Déjà exceptionnel de part sa mise en
scène, « Blow Out » côtoie l’excellence
grâce à l’apport de sa troupe d’acteurs. John Lithgow,
en tueur impitoyable et redoutable d’intelligence, nous fout tant
le trouillomètre dans le rouge que l’on appréhende chacune de ses
apparitions comme le ferait une chochotte de première bourre.
Disons-le tout net, ce sale type nous tétanise.
Heureusement Nancy
Allen, dans son rôle de call girl, parvient encore à emballer
nos cœurs. Cette fois-ci, à contrario de son rôle de pute futée
dans « Dressed To Kill », elle incarne une femme
fragile, peu sûre d’elle et naïve qui trempe dans des pitoyables
affaires de chantages mises au point par une ordure lamentable,
impeccablement interprétée par un Dennis Franz dont
l’aspect physique crasseux s’accorde à merveille avec son esprit
retors.
Face à sa détresse manifeste, on a qu’une envie : la
serrer dans nos bras pour la réconforter. Ce que ne manque pas de
faire ce petit diable de John Travolta qui assure une
composition de tout premier ordre : tour à tour drôle,
touchant, obsessionnel, son personnage passe par toutes les gammes
d’émotions et, lorsque la fin tragique nous cueille tel un
uppercut d’une violence inouïe, on est totalement ébranlé par la
douleur qu’il exprime.
On l’aura compris, ce long métrage
ne laisse personne indemne : quand la maestria technique se
combine aussi harmonieusement avec l’émotion la plus viscérale,
le terme de chef d’œuvre n’a jamais autant mérité d’être
employé.
Harry Max
excellent, me suis regale a te lire. j aime la derniere photo, les bancs ou on pose son cul pour reflechir. ooops!!
RépondreSupprimerC'est mon préféré aussi avec Dressed to Kill !
RépondreSupprimerCes couleurs bleu et rouge saturées nous mettent effectivement dans un climat de malaise, comme dans les films d'Argento. Un petit quizz De Palm pour la Ranx Team et autre Brianophilles ;)

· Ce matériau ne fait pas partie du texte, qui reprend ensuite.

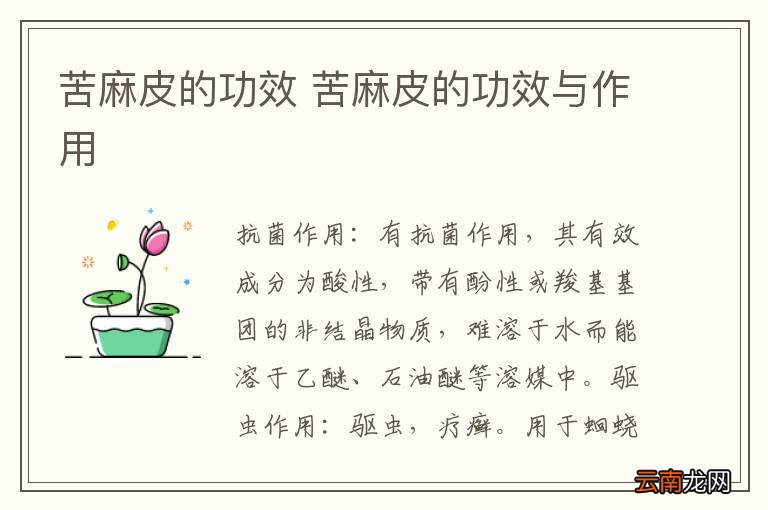 苦麻皮的功效 苦麻皮的功效与作用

P.S. : petite faute, Quizz De Palma (cliquez dessus)
SupprimerCe film reste un trésor du cinéma, jamais le plus cité, trop rare sont les hommages au cinoch de De Palma mais notre dame de la réalité est là, ce film tourne encore, et encore, et encore...

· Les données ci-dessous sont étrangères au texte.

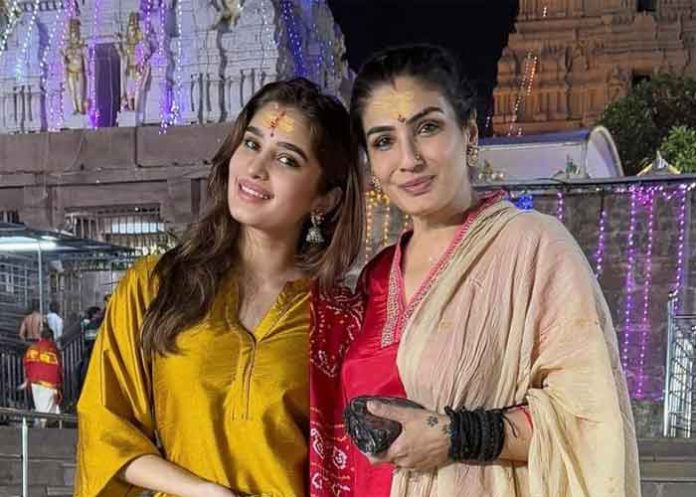 Raveena Tandon and Rasha Thadani visited Mallikarjuna temple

RépondreSupprimerPure trésor !!
Pas plus tard que ce matin, je pensai à Body Double et quand tu parles de Denis Franz, j'adore l'apparition qu'il y fait.
RépondreSupprimerDans un bureau de prod de film porno, il baratine, le producteur donc, un truc du genre:" Faut me comprendre, je ne suis pas qu'une bite sur deux jambes"

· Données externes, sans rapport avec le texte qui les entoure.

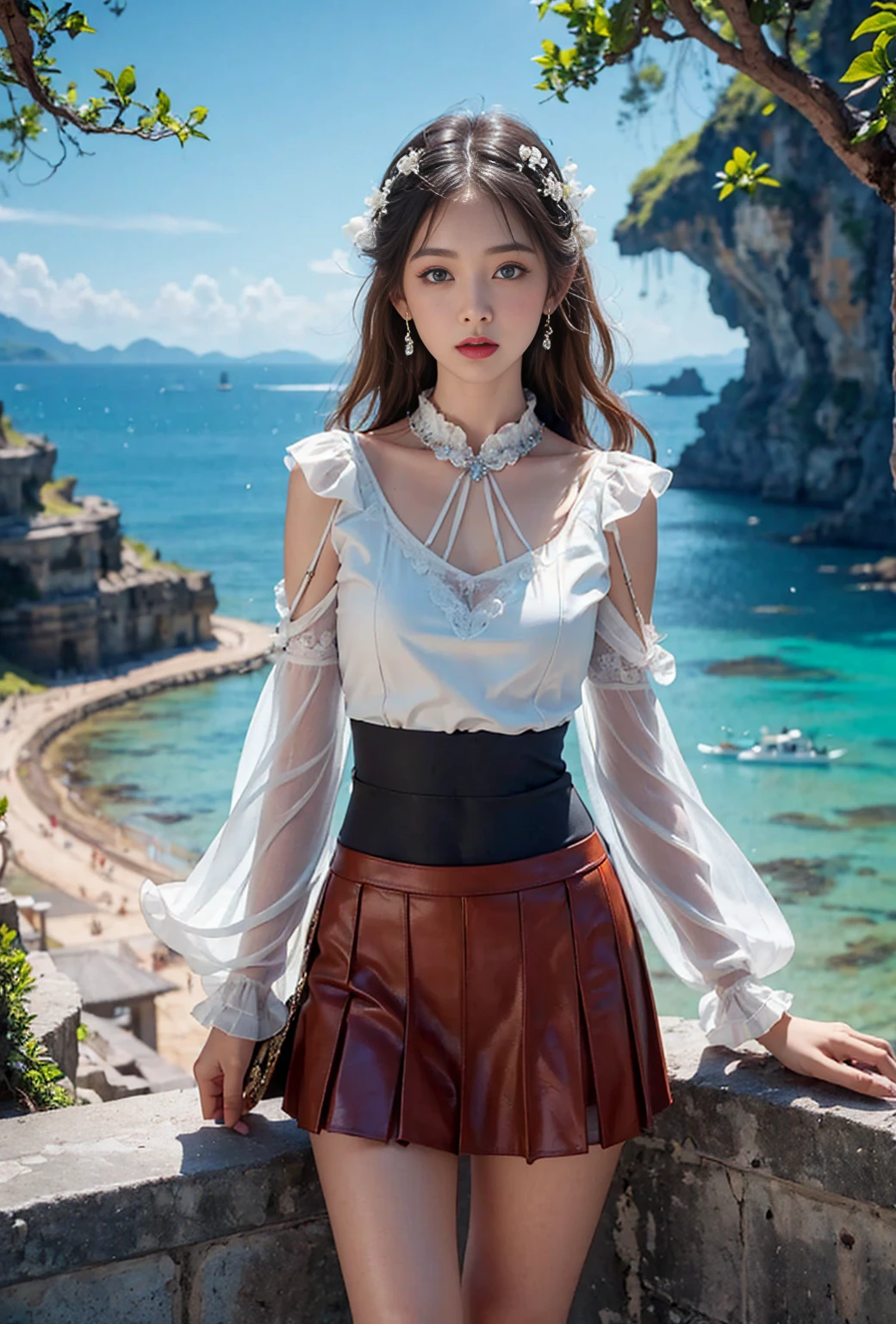 black, white, blue, red, (best quality, extremely detailed, high resolution, extremely detailed CG), wide shot, standing at the edge of a cliff, she has very beautiful blue eyes, she loves blood and the sea, wearing a thin puffy half-sleeve blouse and a loose pleated skirt, mysterious, surreal, hazy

Ne m'en voulez pas si vous trouvez ça naze, j'ai vu ce film trop jeune.
Nancy Allen à cette période, j'adore sa voix, toute frêle et fluette, à l'inverse de ce cri magistral. J'ai revu Robocop y a pas longtemps et elle a perdu beaucoup de charme assez rapidement.
Sinon, l'aspect le plus visionnaire de ce film, c'est l'image de ce gars perpétuellement concentré sur son oreillette.
A vous les studios
Nancy Allen c'était quelque chose, la New Yorkaise ultime. Elle illumine Carrie, Pulsions, Blow Out, Philadelphia Experiment, ce qui fait déjà trois de mes films préférés.
SupprimerComme dit 7red, Blow Out est un trésor qui ne cessera jamais de fasciner.
Superbement réédité en dvd l'an passé.
Hugo Spanky
Merci pour l'info dvd, j'ai eu l’édition pourrave (pas tant que ça) que je me suis fais shourave et je vais me faire un plaisir d'y retourner pour le blue ray. J'ai vu plein de films mais jamais Carrie. Je l'ai téléchargé en qualité dvd il y a quelque temps et j'attendais que quelqu'un allume la mèche. Pulsion aussi je l'ai téléchargé en qualité dvd, à une époque, il était quasiment introuvable et je l'ai trouvé au fond d'un bac en promo. Malheureusement on sentait le dvd bouger dedans et je l'ai fais ouvrir avant de l'acheter et il était effectivement rayé. Mais bon, comment ne pas dire que c'est la première demi heure qui reste inoubliable.
RépondreSupprimerTant que tu es dans les De Palma, fais toi aussi "Sisters" c'est une tuerie. Dans une moindre mesure "Furie" vaut le coup aussi et "Obsession" très marqué par Hitchcock (plus encore que les autres) a ses bons moments également.